Give it a try to that link first, is the best explanation I found, way better than the amazon documentation.

The main problem that I see with the amazon guide is that you don't have an ordered tutorial.
The article by Yevgeniy Brikman is excellent.

You have the documentation, but it doesn't follow a proper order.

The first thing you will need to have if you are going to use this is an EC2 instance of the type that is optimized for ECS, for example (amzn-ami-2016.03.d-amazon-ecs-optimized)
Amazon covers the containers on the documentation, but is not the first thing.
They start the documentation with creating private docker registries that you will need way later on.

SES: Is used to send emails using the SES amazon service. SES stands for Simple Email Service.
SQS: Amazon Simple Queue Service. A simple queue, self-explanatory
SNS: Amazon Simple Notification Service. This is used to deliver notifications.

Together, SQS + SNS = Like rabbitmq. Amazon does all the heavy lifting for you. Though it has some peculiar things. Due to high replication, there is a chance that depending on how you configure your SQS, one or more workers may receive the same message published by the SNS. They state that in the documentation, your workers must be able to handle properly if a message was already processed. You can handle the visibility of a message once is consumed with a timeframe that you can configure.

The other part of my highlight is going to be the SES part.
SES is like mandril (or MailChimp now). The main thing is when you start the service, you are in the sandbox mode. You will need to verify an email, and you will be only able to send emails to that verified domain.
You need to fulfill a request, so they allow you to deliver emails.
The most important part here is that they ask you how you handle bounces and complaints.
You can create an SNS topic that will receive the bounces/complaints/ deliveries, and you will hook it up with an SQS consumer.
All that, by clicking with the mouse.
Seems pretty straight forward, but they didn't put that on the page.
The main idea is that if you receive a complaint or a bounce, you just take it out of circulation (i.e., don't try to deliver emails to that recipient).

With which language?

Python 3.5.1 (yeah, I decided to use something newer)
I'm using uwsgi / flask, with the following extensions (used across some of the microservices)

  • flask-jwt
  • alembic
  • flask-sqlalchemy
  • greenlet
  • boto3
  • flasgger
  • swagger-ui
Flask-JWT: Is an extension to create JWT tokens, that will be consumed by a JS client in my case.
The extension has some gotchas, you need to read the code if you need to change things.
With some monkey-patching and inheritance, you can alter the functionality of JWT completely, but you need to spend some time reading.

flasgger: I love flasgger. I was using flask-swagger, but being honest. The heredocs under the function names make the whole thing illegible. Flasgger lets you point to a file. If you don't know what is this, this is used to write documentation for swagger-UI.
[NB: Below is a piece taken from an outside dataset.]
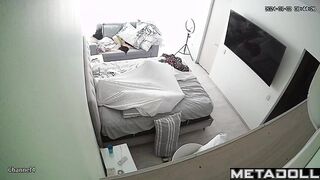 Big tits Italian brunette mom rubs her pussy while dreaming of CBT porn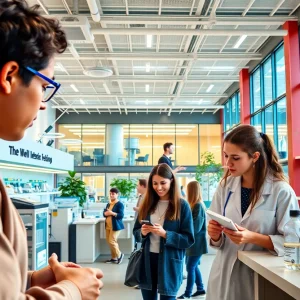 Students engaging in STEM activities on the University of San Diego campus.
Swagger-ui: The only complex thing that I needed to do here, was to add support for the JWT token, since some endpoints are protected by JWT tokens, I didn't had a way to push the token there.
I found the way.

Authentication.

I was able to handle this by using JWT. When you are developing microservices, and you have to manage authentication, there are multiple things to take into account.
Disclaimer: this is not a definitive guide. At the moment I'm experimenting. So far is my best solution, but I believe that there are other solutions out there.
If you split a user service and a permission service, moving that token will become tricky, and it's difficult to think sometimes.
The idea is that you pass around that token until it expires.
No token, no service. Simple.
Obtaining the permissions of the entity after logging is a must, and I think that a caching strategy will be needed there.
A simple example, I log in, I obtain my permissions and put some key, like user_id: permissions in a Redis storage.
On the next request, I will ask the Redis for that user permissions.
When for some reason I decide to revoke a permission, I will delete the Redis record, and well, they will need to fetch the permissions again.

This is a work in progress, which I may extend much further later on.